__Description of the task__. Your answer should consist solely of the lines from the first line of the data through the line with "Authentic 19th Century", each reproduced exactly.

** Records shown follows **

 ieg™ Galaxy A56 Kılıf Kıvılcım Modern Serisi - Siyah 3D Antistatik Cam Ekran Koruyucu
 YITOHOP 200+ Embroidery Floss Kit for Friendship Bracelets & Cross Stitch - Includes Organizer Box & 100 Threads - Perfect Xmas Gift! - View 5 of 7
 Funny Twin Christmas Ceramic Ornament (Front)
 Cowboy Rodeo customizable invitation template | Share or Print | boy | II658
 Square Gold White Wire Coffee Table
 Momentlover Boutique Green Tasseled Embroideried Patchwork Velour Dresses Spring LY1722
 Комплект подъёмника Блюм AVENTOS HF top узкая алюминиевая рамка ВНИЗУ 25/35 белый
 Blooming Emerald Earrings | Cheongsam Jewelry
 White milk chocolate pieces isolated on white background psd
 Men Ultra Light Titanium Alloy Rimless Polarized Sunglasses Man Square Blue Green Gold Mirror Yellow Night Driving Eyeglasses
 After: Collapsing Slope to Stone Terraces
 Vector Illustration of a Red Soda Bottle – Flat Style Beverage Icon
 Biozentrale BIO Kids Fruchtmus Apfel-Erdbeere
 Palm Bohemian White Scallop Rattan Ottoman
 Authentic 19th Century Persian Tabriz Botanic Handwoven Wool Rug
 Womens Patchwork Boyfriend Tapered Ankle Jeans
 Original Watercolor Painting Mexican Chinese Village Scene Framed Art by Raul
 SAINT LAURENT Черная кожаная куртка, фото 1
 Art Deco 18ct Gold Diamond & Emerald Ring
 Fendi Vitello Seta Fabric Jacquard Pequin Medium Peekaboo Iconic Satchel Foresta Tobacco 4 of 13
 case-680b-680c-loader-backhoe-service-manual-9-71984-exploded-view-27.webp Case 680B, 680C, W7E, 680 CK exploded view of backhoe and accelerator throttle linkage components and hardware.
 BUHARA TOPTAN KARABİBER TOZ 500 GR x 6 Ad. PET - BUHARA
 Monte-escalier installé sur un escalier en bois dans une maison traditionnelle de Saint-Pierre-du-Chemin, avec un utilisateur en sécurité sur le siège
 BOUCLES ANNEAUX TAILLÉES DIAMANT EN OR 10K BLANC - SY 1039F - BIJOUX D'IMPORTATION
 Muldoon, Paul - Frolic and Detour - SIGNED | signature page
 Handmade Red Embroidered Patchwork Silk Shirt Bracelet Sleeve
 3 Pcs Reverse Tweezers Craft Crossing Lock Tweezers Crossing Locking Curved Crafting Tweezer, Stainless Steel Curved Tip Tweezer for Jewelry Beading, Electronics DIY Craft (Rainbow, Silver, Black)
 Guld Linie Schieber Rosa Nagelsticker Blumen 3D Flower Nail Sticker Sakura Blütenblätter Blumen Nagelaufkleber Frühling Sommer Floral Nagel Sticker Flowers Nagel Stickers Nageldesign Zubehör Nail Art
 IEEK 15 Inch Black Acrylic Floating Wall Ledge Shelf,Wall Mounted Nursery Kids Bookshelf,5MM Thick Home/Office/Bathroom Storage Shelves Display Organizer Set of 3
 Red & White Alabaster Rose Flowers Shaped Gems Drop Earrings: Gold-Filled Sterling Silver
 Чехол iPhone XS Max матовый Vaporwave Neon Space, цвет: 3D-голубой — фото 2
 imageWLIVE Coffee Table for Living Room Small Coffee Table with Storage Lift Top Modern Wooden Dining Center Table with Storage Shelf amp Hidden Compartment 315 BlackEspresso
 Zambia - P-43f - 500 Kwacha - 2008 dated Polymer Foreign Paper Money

** End of Records shown **

__Exercise result__.
 ieg™ Galaxy A56 Kılıf Kıvılcım Modern Serisi - Siyah 3D Antistatik Cam Ekran Koruyucu
 YITOHOP 200+ Embroidery Floss Kit for Friendship Bracelets & Cross Stitch - Includes Organizer Box & 100 Threads - Perfect Xmas Gift! - View 5 of 7
 Funny Twin Christmas Ceramic Ornament (Front)
 Cowboy Rodeo customizable invitation template | Share or Print | boy | II658
 Square Gold White Wire Coffee Table
 Momentlover Boutique Green Tasseled Embroideried Patchwork Velour Dresses Spring LY1722
 Комплект подъёмника Блюм AVENTOS HF top узкая алюминиевая рамка ВНИЗУ 25/35 белый
 Blooming Emerald Earrings | Cheongsam Jewelry
 White milk chocolate pieces isolated on white background psd
 Men Ultra Light Titanium Alloy Rimless Polarized Sunglasses Man Square Blue Green Gold Mirror Yellow Night Driving Eyeglasses
 After: Collapsing Slope to Stone Terraces
 Vector Illustration of a Red Soda Bottle – Flat Style Beverage Icon
 Biozentrale BIO Kids Fruchtmus Apfel-Erdbeere
 Palm Bohemian White Scallop Rattan Ottoman
 Authentic 19th Century Persian Tabriz Botanic Handwoven Wool Rug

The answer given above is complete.